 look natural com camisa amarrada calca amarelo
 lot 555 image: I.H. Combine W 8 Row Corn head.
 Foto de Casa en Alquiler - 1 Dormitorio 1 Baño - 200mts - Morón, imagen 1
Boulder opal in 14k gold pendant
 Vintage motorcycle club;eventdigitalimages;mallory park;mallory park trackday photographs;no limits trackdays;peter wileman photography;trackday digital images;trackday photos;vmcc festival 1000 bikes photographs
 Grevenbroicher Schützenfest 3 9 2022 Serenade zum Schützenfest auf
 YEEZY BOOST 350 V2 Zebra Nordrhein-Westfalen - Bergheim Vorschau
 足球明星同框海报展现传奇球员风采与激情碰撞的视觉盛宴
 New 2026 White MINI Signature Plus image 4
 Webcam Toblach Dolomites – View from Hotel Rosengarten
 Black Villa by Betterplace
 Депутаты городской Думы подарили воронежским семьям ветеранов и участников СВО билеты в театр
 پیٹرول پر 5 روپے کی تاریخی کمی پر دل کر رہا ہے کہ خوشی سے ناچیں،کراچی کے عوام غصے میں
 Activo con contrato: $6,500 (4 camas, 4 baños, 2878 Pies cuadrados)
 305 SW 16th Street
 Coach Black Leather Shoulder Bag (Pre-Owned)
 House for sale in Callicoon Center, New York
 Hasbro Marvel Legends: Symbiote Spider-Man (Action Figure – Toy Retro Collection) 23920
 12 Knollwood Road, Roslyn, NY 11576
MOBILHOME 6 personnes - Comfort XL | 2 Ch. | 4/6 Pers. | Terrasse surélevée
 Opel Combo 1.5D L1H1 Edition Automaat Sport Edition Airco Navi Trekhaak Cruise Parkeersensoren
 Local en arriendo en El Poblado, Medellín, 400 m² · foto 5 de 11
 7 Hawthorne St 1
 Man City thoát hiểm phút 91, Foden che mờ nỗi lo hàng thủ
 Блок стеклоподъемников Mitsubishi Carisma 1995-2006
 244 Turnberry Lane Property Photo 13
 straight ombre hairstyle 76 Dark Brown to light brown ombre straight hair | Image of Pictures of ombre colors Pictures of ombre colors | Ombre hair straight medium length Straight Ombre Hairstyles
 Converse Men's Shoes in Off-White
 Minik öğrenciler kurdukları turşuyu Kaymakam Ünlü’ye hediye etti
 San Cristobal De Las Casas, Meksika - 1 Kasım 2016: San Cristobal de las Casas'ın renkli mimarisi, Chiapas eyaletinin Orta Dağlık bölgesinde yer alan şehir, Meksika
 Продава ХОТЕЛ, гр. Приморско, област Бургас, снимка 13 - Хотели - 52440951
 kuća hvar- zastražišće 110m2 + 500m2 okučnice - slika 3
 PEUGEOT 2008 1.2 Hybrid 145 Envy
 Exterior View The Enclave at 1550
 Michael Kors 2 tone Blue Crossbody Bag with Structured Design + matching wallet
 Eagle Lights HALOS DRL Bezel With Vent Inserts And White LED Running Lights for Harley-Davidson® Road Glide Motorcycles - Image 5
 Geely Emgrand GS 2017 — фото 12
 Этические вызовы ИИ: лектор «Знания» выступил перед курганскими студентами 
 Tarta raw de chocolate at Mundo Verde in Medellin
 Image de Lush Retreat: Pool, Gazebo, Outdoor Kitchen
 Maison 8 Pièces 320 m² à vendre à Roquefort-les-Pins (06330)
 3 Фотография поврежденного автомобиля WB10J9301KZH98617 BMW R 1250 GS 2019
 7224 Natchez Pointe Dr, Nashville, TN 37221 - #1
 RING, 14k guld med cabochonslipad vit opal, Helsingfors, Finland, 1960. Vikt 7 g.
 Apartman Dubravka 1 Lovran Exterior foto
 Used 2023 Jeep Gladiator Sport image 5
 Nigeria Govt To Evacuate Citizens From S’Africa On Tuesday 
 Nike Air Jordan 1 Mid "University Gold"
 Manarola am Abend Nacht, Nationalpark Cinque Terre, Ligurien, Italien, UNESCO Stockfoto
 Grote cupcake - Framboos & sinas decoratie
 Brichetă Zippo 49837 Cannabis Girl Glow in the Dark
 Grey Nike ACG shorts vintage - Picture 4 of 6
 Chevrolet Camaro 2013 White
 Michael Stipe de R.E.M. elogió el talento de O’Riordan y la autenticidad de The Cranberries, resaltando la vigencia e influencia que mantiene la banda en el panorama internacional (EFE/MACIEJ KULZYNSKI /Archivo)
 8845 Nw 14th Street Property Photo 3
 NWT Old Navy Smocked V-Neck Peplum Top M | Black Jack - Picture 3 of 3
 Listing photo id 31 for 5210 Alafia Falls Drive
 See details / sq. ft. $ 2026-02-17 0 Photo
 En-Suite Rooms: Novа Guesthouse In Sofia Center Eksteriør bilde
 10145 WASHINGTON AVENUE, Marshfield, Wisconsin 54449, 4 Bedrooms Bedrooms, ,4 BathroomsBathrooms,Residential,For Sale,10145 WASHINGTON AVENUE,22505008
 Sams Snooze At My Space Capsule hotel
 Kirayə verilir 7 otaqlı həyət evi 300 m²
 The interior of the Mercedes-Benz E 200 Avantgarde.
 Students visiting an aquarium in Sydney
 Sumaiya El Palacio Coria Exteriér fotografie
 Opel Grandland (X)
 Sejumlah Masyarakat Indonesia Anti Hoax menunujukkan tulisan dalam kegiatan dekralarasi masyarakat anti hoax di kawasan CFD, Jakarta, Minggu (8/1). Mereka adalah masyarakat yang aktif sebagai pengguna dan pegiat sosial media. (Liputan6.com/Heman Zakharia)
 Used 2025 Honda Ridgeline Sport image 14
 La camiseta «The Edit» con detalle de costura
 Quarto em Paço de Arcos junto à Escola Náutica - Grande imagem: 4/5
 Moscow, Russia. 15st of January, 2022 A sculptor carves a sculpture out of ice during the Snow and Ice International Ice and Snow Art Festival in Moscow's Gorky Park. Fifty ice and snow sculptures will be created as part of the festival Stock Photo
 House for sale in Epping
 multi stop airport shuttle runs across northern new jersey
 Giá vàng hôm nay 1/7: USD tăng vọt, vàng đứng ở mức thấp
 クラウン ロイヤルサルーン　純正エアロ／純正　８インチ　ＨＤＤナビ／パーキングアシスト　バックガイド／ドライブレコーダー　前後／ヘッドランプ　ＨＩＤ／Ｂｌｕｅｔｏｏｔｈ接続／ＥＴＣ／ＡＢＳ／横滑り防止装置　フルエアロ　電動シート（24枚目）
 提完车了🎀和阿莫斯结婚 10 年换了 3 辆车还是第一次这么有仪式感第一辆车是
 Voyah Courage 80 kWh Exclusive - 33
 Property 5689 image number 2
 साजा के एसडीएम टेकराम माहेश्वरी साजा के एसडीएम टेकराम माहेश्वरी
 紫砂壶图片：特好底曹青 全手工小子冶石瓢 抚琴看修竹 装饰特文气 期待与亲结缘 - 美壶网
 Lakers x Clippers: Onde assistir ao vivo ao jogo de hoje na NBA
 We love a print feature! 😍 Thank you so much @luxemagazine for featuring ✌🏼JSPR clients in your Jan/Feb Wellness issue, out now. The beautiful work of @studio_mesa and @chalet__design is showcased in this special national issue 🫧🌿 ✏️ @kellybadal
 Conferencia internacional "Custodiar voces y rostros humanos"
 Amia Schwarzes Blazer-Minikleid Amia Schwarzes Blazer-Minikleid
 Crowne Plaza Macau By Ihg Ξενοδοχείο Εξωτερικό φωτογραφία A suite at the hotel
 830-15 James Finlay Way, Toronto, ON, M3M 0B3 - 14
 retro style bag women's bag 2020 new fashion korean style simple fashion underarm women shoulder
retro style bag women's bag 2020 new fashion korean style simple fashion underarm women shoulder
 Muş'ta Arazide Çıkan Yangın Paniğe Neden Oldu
=-=-=-=-=
▸ **Your instructions**: Send back exactly the lines of the listing above starting at the one with "Michael Kors 2" and ending at the one with "Opel Grandland (X)", inclusive, and no others.

▸ **Output for this exercise**:
 Michael Kors 2 tone Blue Crossbody Bag with Structured Design + matching wallet
 Eagle Lights HALOS DRL Bezel With Vent Inserts And White LED Running Lights for Harley-Davidson® Road Glide Motorcycles - Image 5
 Geely Emgrand GS 2017 — фото 12
 Этические вызовы ИИ: лектор «Знания» выступил перед курганскими студентами 
 Tarta raw de chocolate at Mundo Verde in Medellin
 Image de Lush Retreat: Pool, Gazebo, Outdoor Kitchen
 Maison 8 Pièces 320 m² à vendre à Roquefort-les-Pins (06330)
 3 Фотография поврежденного автомобиля WB10J9301KZH98617 BMW R 1250 GS 2019
 7224 Natchez Pointe Dr, Nashville, TN 37221 - #1
 RING, 14k guld med cabochonslipad vit opal, Helsingfors, Finland, 1960. Vikt 7 g.
 Apartman Dubravka 1 Lovran Exterior foto
 Used 2023 Jeep Gladiator Sport image 5
 Nigeria Govt To Evacuate Citizens From S’Africa On Tuesday 
 Nike Air Jordan 1 Mid "University Gold"
 Manarola am Abend Nacht, Nationalpark Cinque Terre, Ligurien, Italien, UNESCO Stockfoto
 Grote cupcake - Framboos & sinas decoratie
 Brichetă Zippo 49837 Cannabis Girl Glow in the Dark
 Grey Nike ACG shorts vintage - Picture 4 of 6
 Chevrolet Camaro 2013 White
 Michael Stipe de R.E.M. elogió el talento de O’Riordan y la autenticidad de The Cranberries, resaltando la vigencia e influencia que mantiene la banda en el panorama internacional (EFE/MACIEJ KULZYNSKI /Archivo)
 8845 Nw 14th Street Property Photo 3
 NWT Old Navy Smocked V-Neck Peplum Top M | Black Jack - Picture 3 of 3
 Listing photo id 31 for 5210 Alafia Falls Drive
 See details / sq. ft. $ 2026-02-17 0 Photo
 En-Suite Rooms: Novа Guesthouse In Sofia Center Eksteriør bilde
 10145 WASHINGTON AVENUE, Marshfield, Wisconsin 54449, 4 Bedrooms Bedrooms, ,4 BathroomsBathrooms,Residential,For Sale,10145 WASHINGTON AVENUE,22505008
 Sams Snooze At My Space Capsule hotel
 Kirayə verilir 7 otaqlı həyət evi 300 m²
 The interior of the Mercedes-Benz E 200 Avantgarde.
 Students visiting an aquarium in Sydney
 Sumaiya El Palacio Coria Exteriér fotografie
 Opel Grandland (X)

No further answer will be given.